__Source data__.

____

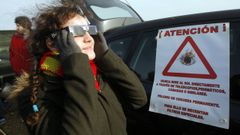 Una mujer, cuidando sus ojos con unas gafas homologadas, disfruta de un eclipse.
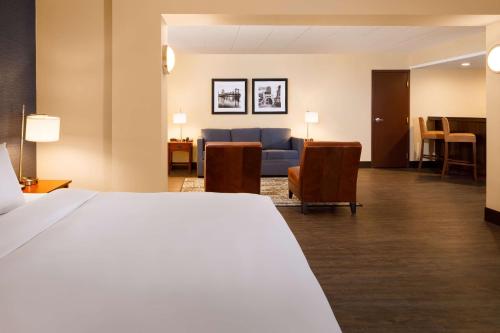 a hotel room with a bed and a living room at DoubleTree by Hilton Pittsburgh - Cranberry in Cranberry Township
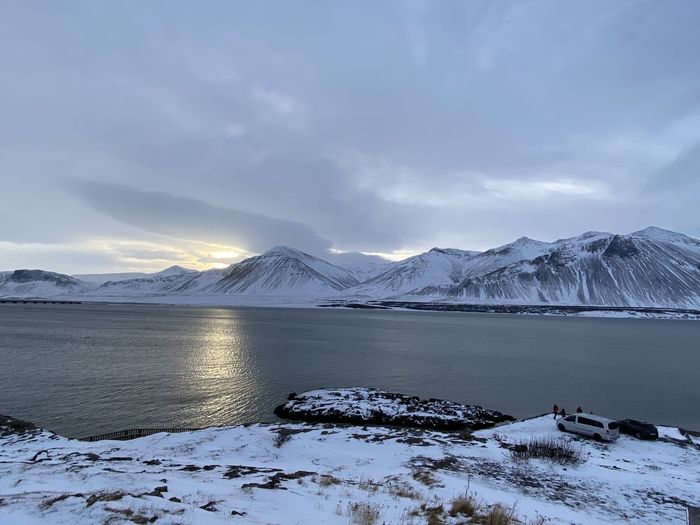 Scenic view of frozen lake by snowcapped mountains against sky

____

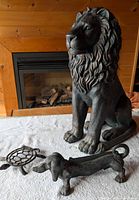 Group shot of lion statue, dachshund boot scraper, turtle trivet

____

__Problem statement__.
Write out the lines above from the one with "Una mujer, cuidando" through the one with "Scenic view of", ends included, exactly; no picture goes in.

__Result for this task__.
 Una mujer, cuidando sus ojos con unas gafas homologadas, disfruta de un eclipse.
 a hotel room with a bed and a living room at DoubleTree by Hilton Pittsburgh - Cranberry in Cranberry Township
 Scenic view of frozen lake by snowcapped mountains against sky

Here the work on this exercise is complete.